Another good reason to avoid the blasted CRJs - as far as LH Regional is concerned, only their RJ85s and BAe146s are included!

Xenia
10th Apr 2004, 14:06
I used to love to work in the CRJ :O
... The B767 now is more comfortable without any doubt ... but then ... again ... does size really matter??? :E

Final 3 Greens
10th Apr 2004, 18:55
BEagle

You're more on the ball than I - haven't flown LH this year, but this sounds like a good move.

Xenia

Depends what you want ;)

Liftdumper
15th Apr 2004, 16:05
I believe the CRJ is quite comfortable in economy.

And it's not the cashcow people on this topic think. The trend (Star Alliance-Austrian) is to use a Dash8-400 prop(!) on routes which are usually flown by CRJ.
For example VIE-AMS or VIE-CPH with a prop.
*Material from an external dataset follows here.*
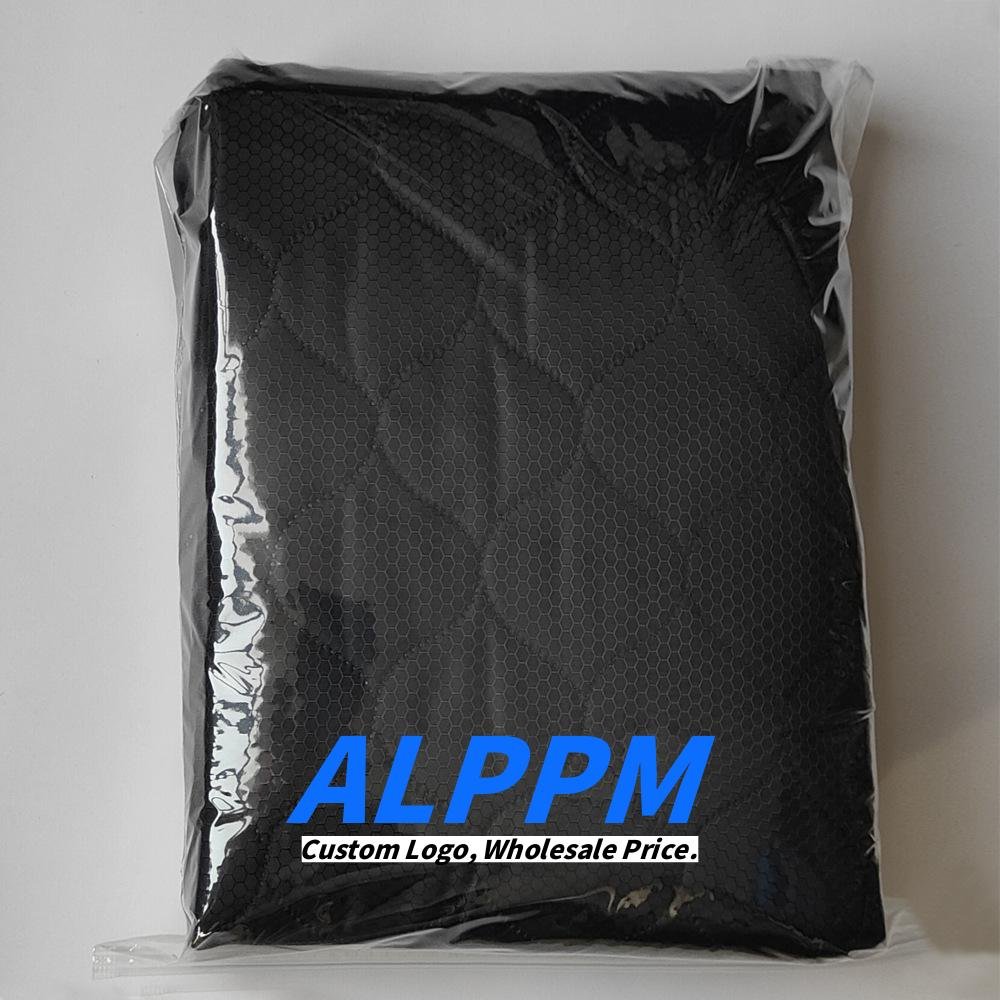 185x105x35cm Custom 600D Oxford Cloth SUV Extended Trunk Pet Mat Waterproof Anti-Dirt Dog Pad Protection Organizer - Manufacturer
It's comfartabe regarding seat pitch, but take into account the much lower speed.

Both aircraft have the same costs on those routes, with twenty seats more on the Dash8.

I think the company here doesn't really understand its customers.

Curious Pax
15th Apr 2004, 16:20
Xenia,
You started a long thread in the Agony Aunt Forum some time ago where you made it very clear that size did indeed matter!!
It was too small!! (http://www.pprune.org/forums/showthread.php?s=&threadid=76327)
Marge had to close it in the end as it was even making her blush!!

MarkD
16th Apr 2004, 21:06
Today's Toronto Star mentioned in passing a putative $2bn to develop a new RJ for Bombardier. No other details.

BEagle
17th Apr 2004, 10:16
Hope that they'll NB that the cabin needs to be about 12" wider if they intend to offer 'business class' with a 2+2 layout!

Have decided to delay my return from Germany next week by 2 hours - just to ensure that I don't have to travel in a CRJ!

PaperTiger
17th Apr 2004, 14:56
Yes, Bombardier is in a quandary. Their Challenger-based tubes are at a dead end as far as further RJ development goes and having eschewed the (Shorts) RJX a few years back they are now faced with coming up with a completely new design. $2bn to do that sounds low to me.

Embraer has raised the bar with the 170/190 and even if Bombardier does decide to compete, they will be at least 3 years behind in the market. Only chance is to leapfrog Embraer and come up with something substantially more efficient and user-friendly for which the airlines would be willing to wait. Don't see it myself, I think they'll retrench into the bizjet sphere, after all the whole CRJ thing was a very happy bit of serendipity - stretching the Challenger just when the market was right (although it was 2-3 years before it really took off).